~/articles/design-notification-system

◆◆Intermediateasked at Metaasked at Googleasked at Amazonasked at Slack

Design a Notification System (Push, Email, SMS)

A reliable multi-channel notification platform — fanout, templates, dedup, rate limiting, and the realities of APNS/FCM.

14 min read2026-02-15Ironclad Academy

#interview #notifications #messaging #asynchronous #kafka #rate-limiting

// DEPTH

the full breakdown — requirements, capacity, evolution, trade-offs

The problem

Slack sends you a push when a thread you're in goes active at 2 AM. Amazon fires an email the moment your package is out for delivery. WhatsApp pings your phone, your laptop, and your watch simultaneously. These look like trivial "call APNS and move on" operations — until you're responsible for one. At 1 billion notifications a day across push, email, and SMS, the surface area for failure is enormous.

The core of this system is a multi-channel fan-out: a single upstream event (order shipped, payment received, new follower) must be routed to the right channels, for the right user, through the right external provider, with the right rendered copy in the right language. That routing pipeline has to respect opt-outs, honor quiet hours, and survive flaky provider APIs — all without ever double-sending the same message.

Two engineering tensions dominate the design. First, at-least-once delivery vs. exactly-once user experience: Kafka and retry logic guarantee you'll attempt every notification, but that means duplicates are a constant threat. Every piece of the pipeline needs idempotency, or users start filing bugs like "I got the same confirmation email six times." Second, fan-out amplification: a single celebrity-account event on a social platform can fan out to millions of followers instantly. The queueing and routing layer has to absorb that burst without the pipeline backing up or the providers rate-limiting you into a blacklist.

Functional requirements

Send notifications via push (mobile), email, SMS, in-app.
Support templates with variables (Hi {name}, your order #{id} shipped).
User preferences: opt-in/out per channel, per category.
Scheduled and triggered notifications.
Track delivery status and engagement.

Non-functional

1B notifications/day at peak.
Delivery within 30 seconds for transactional events.
99.9% delivery success on healthy paths.
Idempotent — never double-send.
Auditable.

Capacity

Dimension	Estimate	How we got there
Volume	1B notifications/day	Given
Throughput (avg)	~12k/sec	`1B ÷ 86,400 s`
Throughput (peak)	~50k/sec	~4× average burst
Channel split	70% push · 20% email · 5% SMS · 5% in-app	Typical app ratio
Per-event payload	~2 KB	Template + variables + metadata
Retention	30 days delivery audit	SLA / compliance
Audit log storage	60 TB	`1B × 2 KB × 30 days`

Takeaway: the bottleneck is not storage (60 TB is manageable) — it is throughput. At 50k/sec peak across four external providers (APNS, FCM, SES/SendGrid, Twilio), the system lives or dies on queue depth management and per-provider rate limiting.

Building up to the design

A notification system is the "looks simple, fails in horrifying ways" problem. The architecture below has half a dozen pieces; each appears the moment you hit a wall. Walk forward.

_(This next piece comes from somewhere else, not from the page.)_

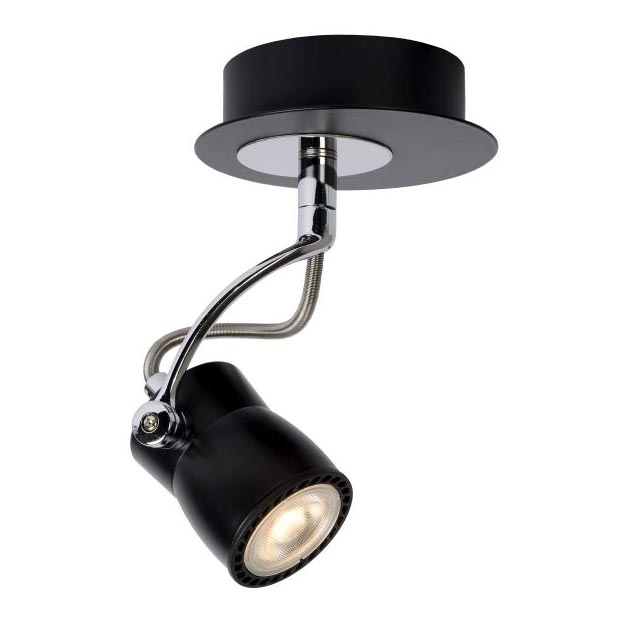 Lucide 16955/05/30 - LED Zatemnitveni reflektor SAMBA 1xGU10/4,5W/230V črna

V1: Synchronous send from the calling service

def on_order_shipped(order):
    user = users.get(order.user_id)
    apns.push(user.device_token, "Your order has shipped!")
    db.save_order(order)

This works for tiny apps and gets you a demo. The problem is that APNS is a third-party network call — it's fast on a good day and completely unreachable on a bad one. When it's slow, your order shipped endpoint times out. When the caller retries, you send the notification twice. You've tightly coupled your order flow to a flaky external dependency, and there's no seam to pull them apart.

V2: Enqueue via a queue, send in a worker

order shipped → push a NotificationEvent to a queue (Kafka, SQS, RabbitMQ). A separate worker reads the queue and calls APNS.

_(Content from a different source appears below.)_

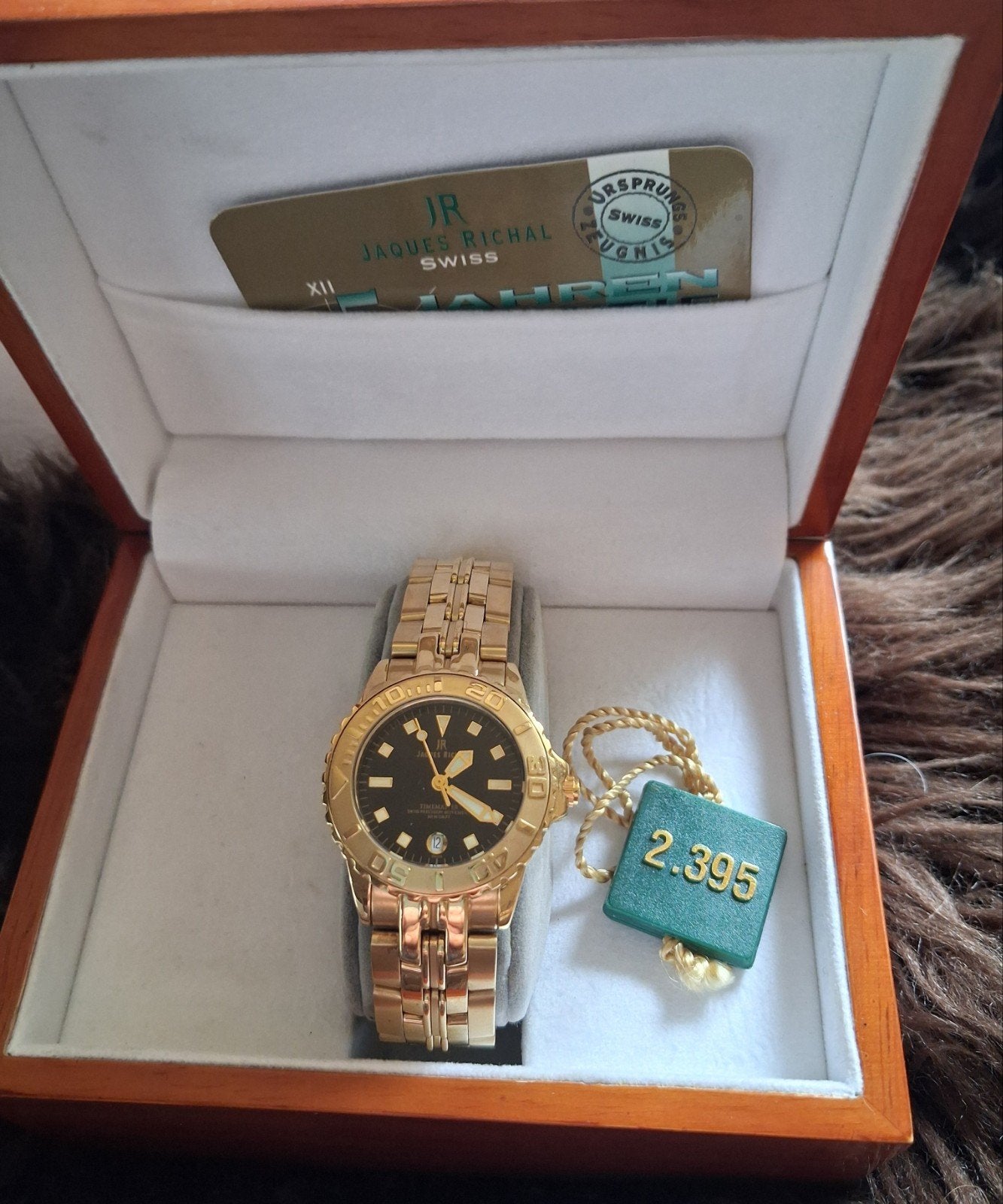 Jaques Richal Timemaster Goldplated Dameshorloge, Overige merken, Overige materialen, Polshorloge, Overige materialen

Now the caller returns instantly. APNS slowness no longer blocks business logic, and failures are retryable because the event is sitting safely in the queue. The problem is that one queue plus one worker can't handle 50k notifications per second across multiple channels. And if a user opts out of marketing notifications after the event is already queued, you'll still send it — because you haven't separated the routing decision from the enqueue step.

V3: Channel-specific workers + user preference check

Split into channel-specific workers — a push worker, an email worker, an SMS worker. Each pulls from the queue, checks whether this user wants this kind of notification on this channel, then sends. Each channel now scales independently, and opt-outs are honored at delivery time, not just at enqueue. The next crack appears when you try to change notification copy: every string is hard-coded in the worker, so a wording change means a redeploy.

V4: Template engine + render at send

A separate template service stores templates by (template_id, channel, locale). The worker fetches the template, renders it with the event's variables, then sends. Now you can edit a template and all queued messages pick up the change. You also get safe variable substitution that prevents HTML or SMS injection. The next thing that bites you: services retry on network blips. You'll start sending duplicate notifications.

V5: Idempotency + dedup

Every event carries an idempotency_key (e.g. order:42:shipped). Workers check a recent-deliveries cache (Redis with a 24-hour TTL) before sending — same key in that window means skip. This handles Kafka redelivery, API retries, and the occasional provider that returns success twice.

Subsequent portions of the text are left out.